● TASK BRIEF: Could you print, exactly as they stand, the lines from the one holding "F1 パイロット ランプ LED バック リア フォグ ブレーキ リフレクター" to the end of the data below, and nothing more?

● DATA LISTING:
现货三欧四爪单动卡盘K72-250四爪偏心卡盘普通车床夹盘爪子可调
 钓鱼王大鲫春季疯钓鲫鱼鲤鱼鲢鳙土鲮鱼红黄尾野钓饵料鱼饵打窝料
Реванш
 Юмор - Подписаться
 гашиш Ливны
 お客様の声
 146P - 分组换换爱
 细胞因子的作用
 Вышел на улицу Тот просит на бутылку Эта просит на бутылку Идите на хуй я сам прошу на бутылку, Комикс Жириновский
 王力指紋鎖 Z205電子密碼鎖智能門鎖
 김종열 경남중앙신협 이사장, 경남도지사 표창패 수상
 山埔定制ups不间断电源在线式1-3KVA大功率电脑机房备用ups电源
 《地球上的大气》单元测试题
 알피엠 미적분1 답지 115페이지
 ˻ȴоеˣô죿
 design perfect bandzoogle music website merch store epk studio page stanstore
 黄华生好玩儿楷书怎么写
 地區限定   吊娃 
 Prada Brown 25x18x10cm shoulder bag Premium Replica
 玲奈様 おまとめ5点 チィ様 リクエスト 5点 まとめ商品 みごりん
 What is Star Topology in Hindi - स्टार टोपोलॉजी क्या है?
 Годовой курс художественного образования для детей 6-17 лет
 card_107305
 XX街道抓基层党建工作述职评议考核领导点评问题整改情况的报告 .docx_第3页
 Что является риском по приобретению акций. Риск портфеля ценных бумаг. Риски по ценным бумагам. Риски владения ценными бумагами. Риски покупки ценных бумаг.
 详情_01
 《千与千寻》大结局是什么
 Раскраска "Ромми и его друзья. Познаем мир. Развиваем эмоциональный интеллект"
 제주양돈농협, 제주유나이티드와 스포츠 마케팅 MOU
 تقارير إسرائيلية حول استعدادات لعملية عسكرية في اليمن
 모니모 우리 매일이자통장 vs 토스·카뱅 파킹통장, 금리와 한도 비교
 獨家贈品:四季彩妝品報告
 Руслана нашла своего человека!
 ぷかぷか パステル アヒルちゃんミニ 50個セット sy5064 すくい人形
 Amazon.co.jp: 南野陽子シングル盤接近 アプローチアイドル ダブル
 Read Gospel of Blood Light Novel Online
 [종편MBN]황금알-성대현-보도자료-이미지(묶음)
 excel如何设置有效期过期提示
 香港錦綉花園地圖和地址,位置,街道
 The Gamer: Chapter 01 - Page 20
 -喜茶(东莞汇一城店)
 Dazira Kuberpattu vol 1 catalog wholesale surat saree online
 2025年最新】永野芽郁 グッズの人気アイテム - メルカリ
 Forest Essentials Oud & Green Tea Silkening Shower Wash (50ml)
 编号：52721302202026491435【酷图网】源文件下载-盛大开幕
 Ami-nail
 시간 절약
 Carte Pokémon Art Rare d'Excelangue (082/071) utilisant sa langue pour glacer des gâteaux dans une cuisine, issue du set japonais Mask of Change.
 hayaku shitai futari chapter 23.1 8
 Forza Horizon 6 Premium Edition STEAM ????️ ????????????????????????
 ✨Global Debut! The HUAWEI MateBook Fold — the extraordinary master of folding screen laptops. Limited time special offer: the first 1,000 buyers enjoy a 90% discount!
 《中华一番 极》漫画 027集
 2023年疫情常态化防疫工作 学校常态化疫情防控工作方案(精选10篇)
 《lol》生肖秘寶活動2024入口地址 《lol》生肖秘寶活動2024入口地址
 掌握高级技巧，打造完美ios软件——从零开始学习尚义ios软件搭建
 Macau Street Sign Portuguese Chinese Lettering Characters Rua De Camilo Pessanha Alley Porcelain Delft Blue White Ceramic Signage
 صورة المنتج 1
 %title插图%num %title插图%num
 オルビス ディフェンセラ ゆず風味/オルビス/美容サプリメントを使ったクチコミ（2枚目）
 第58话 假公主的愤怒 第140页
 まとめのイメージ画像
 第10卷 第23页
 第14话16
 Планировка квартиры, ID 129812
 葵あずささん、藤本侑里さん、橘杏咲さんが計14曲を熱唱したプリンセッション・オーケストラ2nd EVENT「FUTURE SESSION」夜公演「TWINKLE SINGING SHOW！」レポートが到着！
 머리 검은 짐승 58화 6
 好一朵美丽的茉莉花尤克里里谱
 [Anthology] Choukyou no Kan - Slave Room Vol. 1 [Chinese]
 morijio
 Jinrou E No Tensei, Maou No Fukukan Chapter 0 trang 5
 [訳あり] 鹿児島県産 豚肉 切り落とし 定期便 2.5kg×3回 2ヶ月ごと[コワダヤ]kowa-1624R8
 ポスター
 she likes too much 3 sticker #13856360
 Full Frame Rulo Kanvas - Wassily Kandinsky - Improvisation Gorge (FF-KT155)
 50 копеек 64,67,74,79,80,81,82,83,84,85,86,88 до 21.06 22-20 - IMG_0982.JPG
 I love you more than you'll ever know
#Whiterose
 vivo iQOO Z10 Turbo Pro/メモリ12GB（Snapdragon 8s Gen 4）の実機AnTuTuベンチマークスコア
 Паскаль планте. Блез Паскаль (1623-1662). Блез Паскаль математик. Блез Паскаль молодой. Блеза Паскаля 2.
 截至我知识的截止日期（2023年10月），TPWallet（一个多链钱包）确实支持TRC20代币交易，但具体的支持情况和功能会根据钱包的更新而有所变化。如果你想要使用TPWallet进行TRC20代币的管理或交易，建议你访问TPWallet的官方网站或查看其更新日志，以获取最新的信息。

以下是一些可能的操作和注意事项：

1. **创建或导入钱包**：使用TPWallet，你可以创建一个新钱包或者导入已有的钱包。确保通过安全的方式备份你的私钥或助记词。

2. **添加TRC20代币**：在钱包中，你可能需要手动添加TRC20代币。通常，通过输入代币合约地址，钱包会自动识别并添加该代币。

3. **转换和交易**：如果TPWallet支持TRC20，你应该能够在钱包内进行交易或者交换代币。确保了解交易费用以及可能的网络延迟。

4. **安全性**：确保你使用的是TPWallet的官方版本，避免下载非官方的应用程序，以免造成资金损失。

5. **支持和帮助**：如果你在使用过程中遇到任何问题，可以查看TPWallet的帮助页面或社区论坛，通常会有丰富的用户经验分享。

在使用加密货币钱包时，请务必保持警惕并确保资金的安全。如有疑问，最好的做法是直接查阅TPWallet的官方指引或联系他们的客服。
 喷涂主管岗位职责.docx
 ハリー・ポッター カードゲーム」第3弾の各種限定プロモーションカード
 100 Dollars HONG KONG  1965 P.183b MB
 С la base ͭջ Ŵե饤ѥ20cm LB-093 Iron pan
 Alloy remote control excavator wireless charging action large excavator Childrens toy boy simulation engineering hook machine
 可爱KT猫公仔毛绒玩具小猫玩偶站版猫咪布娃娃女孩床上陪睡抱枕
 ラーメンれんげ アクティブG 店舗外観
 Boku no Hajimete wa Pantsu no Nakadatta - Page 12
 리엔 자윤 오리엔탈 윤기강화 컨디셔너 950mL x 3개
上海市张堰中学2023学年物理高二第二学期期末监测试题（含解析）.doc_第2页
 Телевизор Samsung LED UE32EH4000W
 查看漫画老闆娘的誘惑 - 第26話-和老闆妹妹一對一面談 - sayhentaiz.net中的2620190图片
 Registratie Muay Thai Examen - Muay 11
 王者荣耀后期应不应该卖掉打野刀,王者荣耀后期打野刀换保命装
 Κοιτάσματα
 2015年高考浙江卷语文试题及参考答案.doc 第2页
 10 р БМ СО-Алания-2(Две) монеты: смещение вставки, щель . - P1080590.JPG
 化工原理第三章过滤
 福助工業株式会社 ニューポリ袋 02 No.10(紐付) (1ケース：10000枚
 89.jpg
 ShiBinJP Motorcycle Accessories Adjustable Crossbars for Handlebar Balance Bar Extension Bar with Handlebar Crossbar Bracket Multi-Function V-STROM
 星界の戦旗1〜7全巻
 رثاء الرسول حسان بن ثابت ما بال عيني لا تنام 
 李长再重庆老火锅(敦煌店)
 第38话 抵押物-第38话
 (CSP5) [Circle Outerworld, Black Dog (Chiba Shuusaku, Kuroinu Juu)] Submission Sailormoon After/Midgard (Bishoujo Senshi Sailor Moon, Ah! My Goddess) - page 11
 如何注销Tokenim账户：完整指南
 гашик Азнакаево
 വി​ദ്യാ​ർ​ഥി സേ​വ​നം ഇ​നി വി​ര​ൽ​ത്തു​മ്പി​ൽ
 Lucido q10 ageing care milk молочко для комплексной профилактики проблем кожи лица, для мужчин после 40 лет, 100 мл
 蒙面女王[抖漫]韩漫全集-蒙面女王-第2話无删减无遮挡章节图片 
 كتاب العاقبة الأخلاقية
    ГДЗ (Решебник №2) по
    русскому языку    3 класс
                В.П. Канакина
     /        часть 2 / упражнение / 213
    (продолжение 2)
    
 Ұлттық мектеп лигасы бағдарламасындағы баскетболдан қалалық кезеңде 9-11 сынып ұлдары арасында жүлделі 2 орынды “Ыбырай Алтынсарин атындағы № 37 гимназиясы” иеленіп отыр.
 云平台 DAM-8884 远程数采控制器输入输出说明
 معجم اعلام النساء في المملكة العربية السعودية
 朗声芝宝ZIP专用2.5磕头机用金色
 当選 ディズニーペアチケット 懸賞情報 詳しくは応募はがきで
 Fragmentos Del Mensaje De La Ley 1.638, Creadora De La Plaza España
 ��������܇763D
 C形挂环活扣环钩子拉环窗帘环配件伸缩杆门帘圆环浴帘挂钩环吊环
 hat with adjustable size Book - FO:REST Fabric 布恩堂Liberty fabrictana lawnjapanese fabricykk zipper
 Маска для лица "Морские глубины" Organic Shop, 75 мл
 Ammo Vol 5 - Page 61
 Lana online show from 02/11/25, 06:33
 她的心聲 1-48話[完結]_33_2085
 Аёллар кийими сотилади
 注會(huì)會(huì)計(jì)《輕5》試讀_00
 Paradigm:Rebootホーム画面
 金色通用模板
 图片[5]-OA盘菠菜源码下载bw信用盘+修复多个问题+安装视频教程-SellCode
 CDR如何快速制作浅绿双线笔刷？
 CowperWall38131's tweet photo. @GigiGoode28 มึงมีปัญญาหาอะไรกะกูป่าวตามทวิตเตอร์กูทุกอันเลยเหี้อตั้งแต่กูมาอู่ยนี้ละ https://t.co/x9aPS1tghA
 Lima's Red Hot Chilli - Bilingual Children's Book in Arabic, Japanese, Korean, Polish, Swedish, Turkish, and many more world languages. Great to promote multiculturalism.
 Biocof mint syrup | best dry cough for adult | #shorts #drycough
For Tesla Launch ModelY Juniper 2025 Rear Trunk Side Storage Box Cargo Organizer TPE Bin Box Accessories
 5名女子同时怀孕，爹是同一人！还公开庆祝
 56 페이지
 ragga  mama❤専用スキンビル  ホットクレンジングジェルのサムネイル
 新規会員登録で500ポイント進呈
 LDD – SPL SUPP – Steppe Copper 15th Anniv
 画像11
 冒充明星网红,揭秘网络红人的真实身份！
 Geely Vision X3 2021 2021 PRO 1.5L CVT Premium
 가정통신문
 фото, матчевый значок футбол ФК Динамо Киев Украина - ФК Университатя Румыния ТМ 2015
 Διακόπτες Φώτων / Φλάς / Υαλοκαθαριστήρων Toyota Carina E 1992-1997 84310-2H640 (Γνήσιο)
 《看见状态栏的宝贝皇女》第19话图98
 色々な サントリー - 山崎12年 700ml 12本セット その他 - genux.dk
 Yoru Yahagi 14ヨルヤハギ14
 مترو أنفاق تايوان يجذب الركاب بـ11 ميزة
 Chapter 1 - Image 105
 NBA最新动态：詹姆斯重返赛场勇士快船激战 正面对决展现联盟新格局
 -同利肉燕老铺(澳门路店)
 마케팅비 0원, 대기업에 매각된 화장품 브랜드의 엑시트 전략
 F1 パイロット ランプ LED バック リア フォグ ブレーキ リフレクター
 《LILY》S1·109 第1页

● TASK OUTPUT:
 F1 パイロット ランプ LED バック リア フォグ ブレーキ リフレクター
 《LILY》S1·109 第1页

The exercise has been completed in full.